QTrobot Audio processing and Microphone
QTrobot has an integrated High-performance digital microphones array in the head. It is a ReSpeaker Mic Array v2.0 board from SeedStudio with plenty of features such as voice activity detection, direction of arrival, beamforming and noise Suppression. This powerful microphone can be used in variety of scenarios such as voice interaction, interactive vision-voice applications, multichannel raw audio recording and processing and etc. It is connected to Raspberry Pi (QTRP) via USB port and it is open for developers to freely tune, configure and use it in standard ways.
Specification:
- 4 High-performance digital microphones
- supports far-field voice capture
- Speech algorithm on-chip
- 12 programmable RGB LED indicators
- Microphones: ST MP34DT01TR-M
- Sensitivity: -26 dBFS (omnidirectional)
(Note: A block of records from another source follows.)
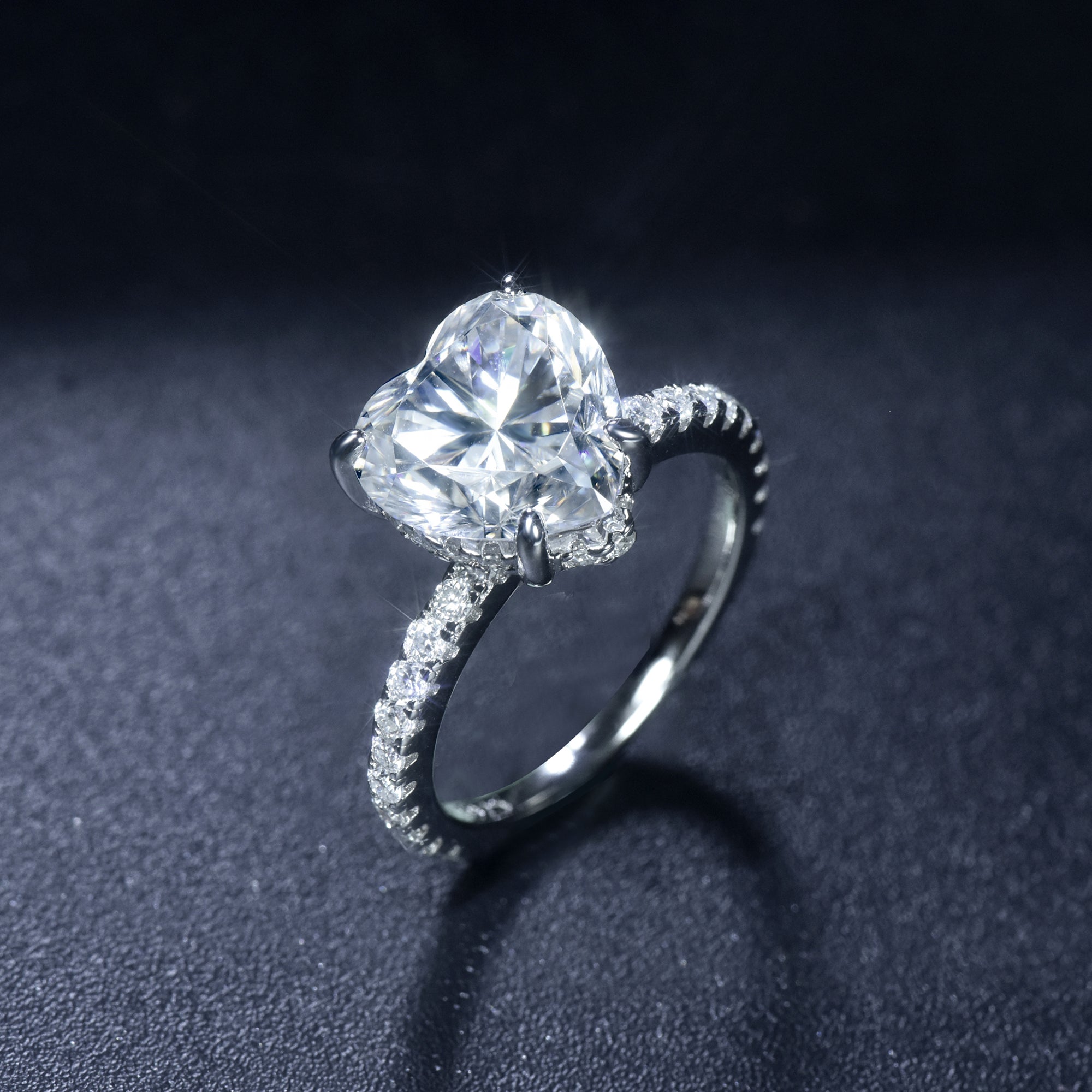 Un anello in argento lussuoso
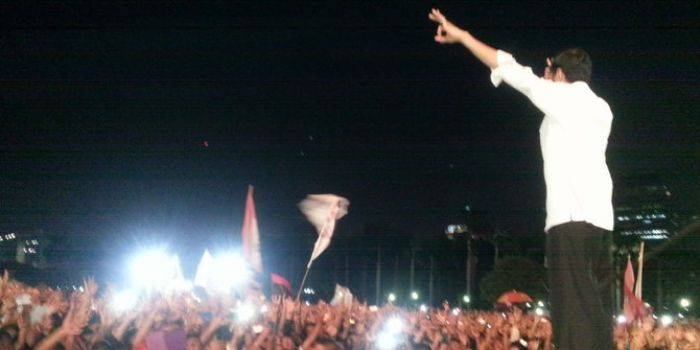 Jokowi: Saya Maghriban Dulu, Ini Udah Pada Maghrib Belum? Jokowi: Saya Maghriban Dulu, Ini Udah Pada Maghrib Belum?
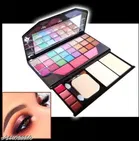 Premium Eyeshadow Palette with 7 Pcs Makeup Brushes 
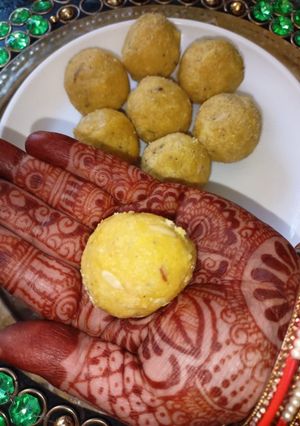A picture of Chana dal coconut ladoo.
- Acoustic overload point: 120 dB SPL
- SNR: 61 dB
- Max Sample Rate:16Khz
Software interfaces
Like any other standard microphones, the QTrobot Respeaker microphone is an standard Linux capture device which is managed by ALSA driver. Bellow you can see the output of arecord -l
command which lists all capture devices in QTRP:
**** List of CAPTURE Hardware Devices ****
card 2: ArrayUAC10 [ReSpeaker 4 Mic Array (UAC1.0)], device 0: USB Audio [USB Audio]
Subdevices: 0/1
Subdevice #0: subdevice #0
QTrobot comes with following pre-installed software for speech recognition, accessing raw raw microphone data and tuning tool. These software interfaces are installed on QTRP because direct access to the microphone device is required.
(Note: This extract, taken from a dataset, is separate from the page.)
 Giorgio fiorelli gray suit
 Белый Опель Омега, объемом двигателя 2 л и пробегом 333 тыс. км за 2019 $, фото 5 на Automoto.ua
- qt_vosk_app: an offline and multilingual speech recognition ROS service based on VOSK library (running by default)
- qt_gspeech_interface: an online and multilingual speech recognition ROS service based on Google Speech-To-Text API
- qt_respeaker_app: ROS services for streaming multichannel microphone audio data, voice activity, voice direction and etc.
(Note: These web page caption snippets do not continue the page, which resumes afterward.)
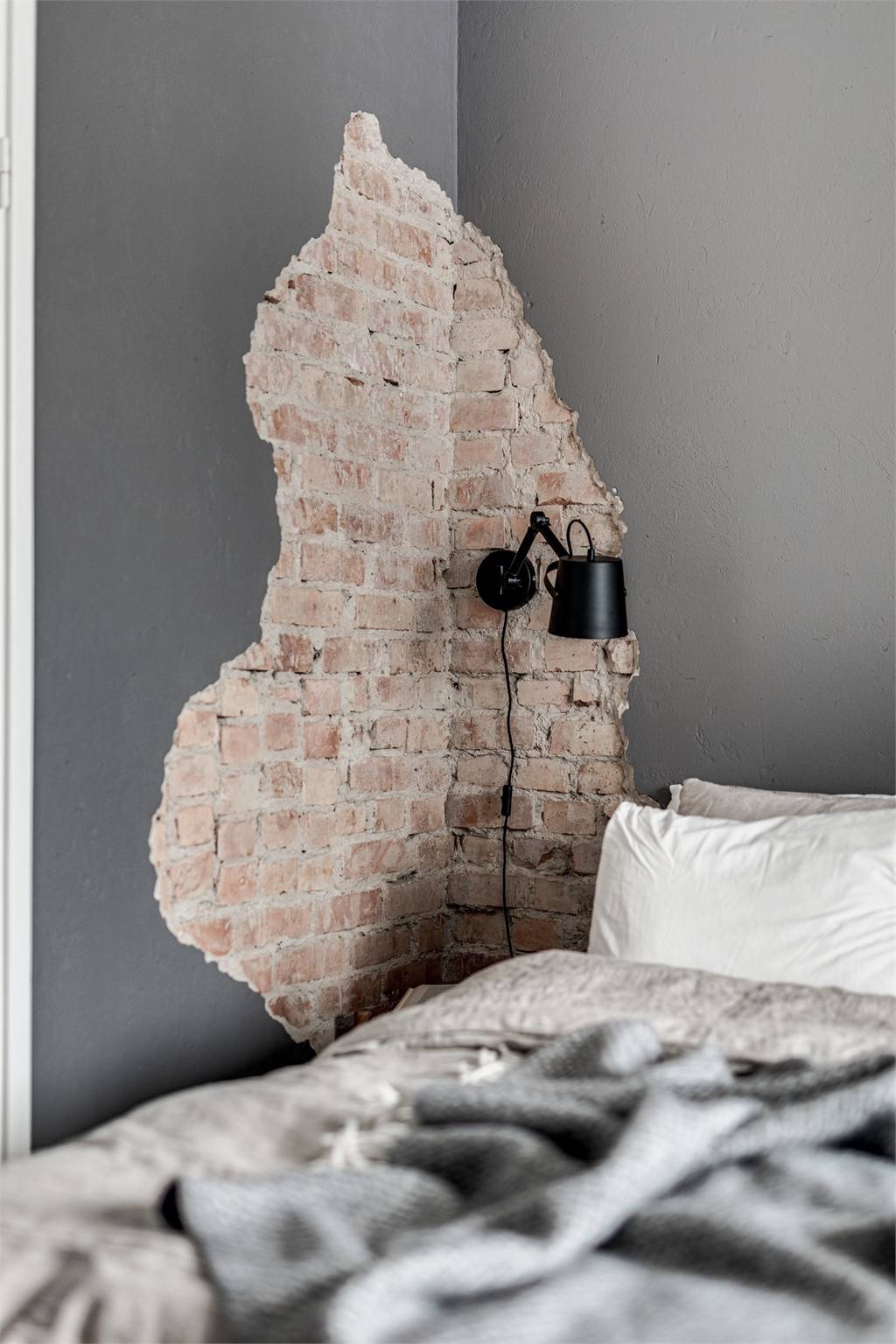 espace chambre studio 35m2 décoration scandinave murs gris espace chambre studio 35m2 décoration scandinave murs gris
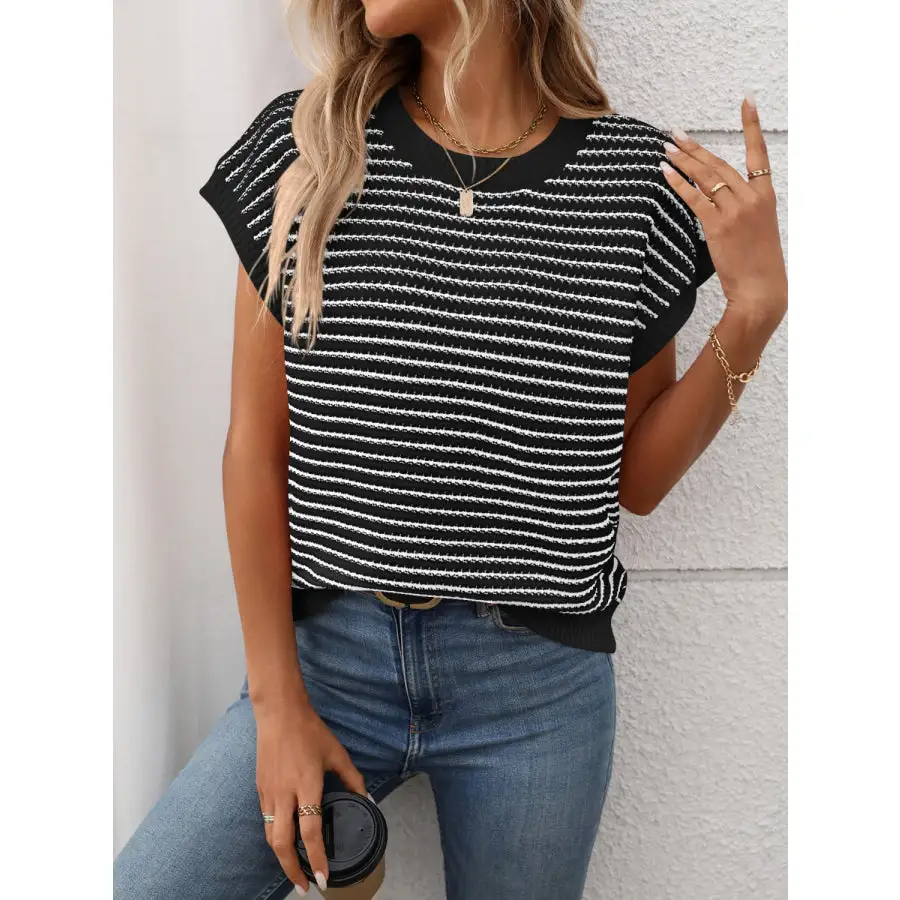 Round Neck Short Sleeve Knit Top
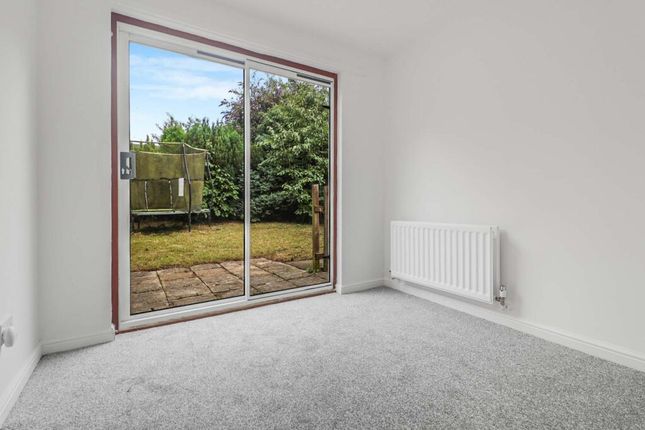 8, Acer Grove, Chapelhall photo 4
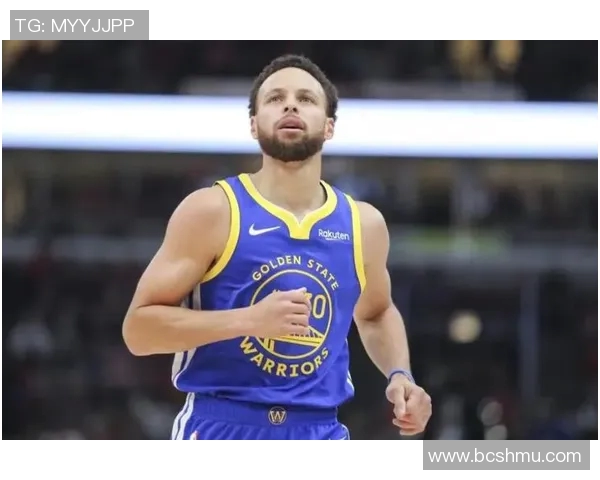 库里连续20场砍下20分，再创纪录，天才球手引领NBA新时代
- respeaker_mic_tuning: A graphical tools for detailed tuning of Respeaker microphone
For the time being, most of these interface exclusively access the microphone. That means, for example, one should first stop qt_vosk_app
, and run qt_respeaker_app
if he/she needs to access raw microphone audio data using qt_respeaker_app
.
Offline speech recognition
QTrobot uses qt_vosk_app
for offline speech recognition. The qt_vosk_app
is installed in QTRP ~/catkin_ws
and it is running by default. Some of the required language models for speech recognitions are installed in ~/robot/vosk/models
in QTRP such as en_US
for English, de_DE
for German, fr_FR
for French languages.
You can try and use the speech recognitions in different ways.
Accessing voice recognition from terminal
Like many other ROS services, you can call /qt_robot/speech/recognize
with the desired language and options. The options can be used to tell the service to stop and return the recognized words as soon one of the given options is detected.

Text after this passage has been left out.